**About this task**
In the entries that follow, the first line to write out is the one containing "クロックス（WMNS）コカ・コーラ x クラシック", and the last is the one containing "VIP guests attend". Reproduce that stretch exactly, with nothing before or after it.

**Supplied data**

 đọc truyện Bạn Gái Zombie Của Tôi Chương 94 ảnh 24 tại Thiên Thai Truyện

* * *

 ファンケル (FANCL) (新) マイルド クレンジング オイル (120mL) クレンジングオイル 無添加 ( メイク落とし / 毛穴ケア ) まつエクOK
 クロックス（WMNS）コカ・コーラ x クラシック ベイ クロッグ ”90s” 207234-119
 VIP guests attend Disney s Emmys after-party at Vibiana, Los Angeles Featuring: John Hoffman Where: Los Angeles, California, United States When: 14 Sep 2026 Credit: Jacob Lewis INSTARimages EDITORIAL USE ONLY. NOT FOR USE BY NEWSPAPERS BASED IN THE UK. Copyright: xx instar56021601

--

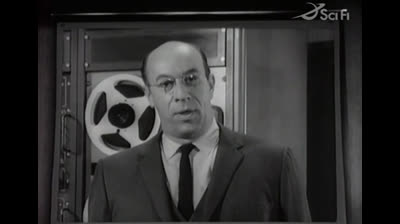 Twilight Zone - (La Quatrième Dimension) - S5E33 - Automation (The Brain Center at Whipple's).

**Result for this task**
 クロックス（WMNS）コカ・コーラ x クラシック ベイ クロッグ ”90s” 207234-119
 VIP guests attend Disney s Emmys after-party at Vibiana, Los Angeles Featuring: John Hoffman Where: Los Angeles, California, United States When: 14 Sep 2026 Credit: Jacob Lewis INSTARimages EDITORIAL USE ONLY. NOT FOR USE BY NEWSPAPERS BASED IN THE UK. Copyright: xx instar56021601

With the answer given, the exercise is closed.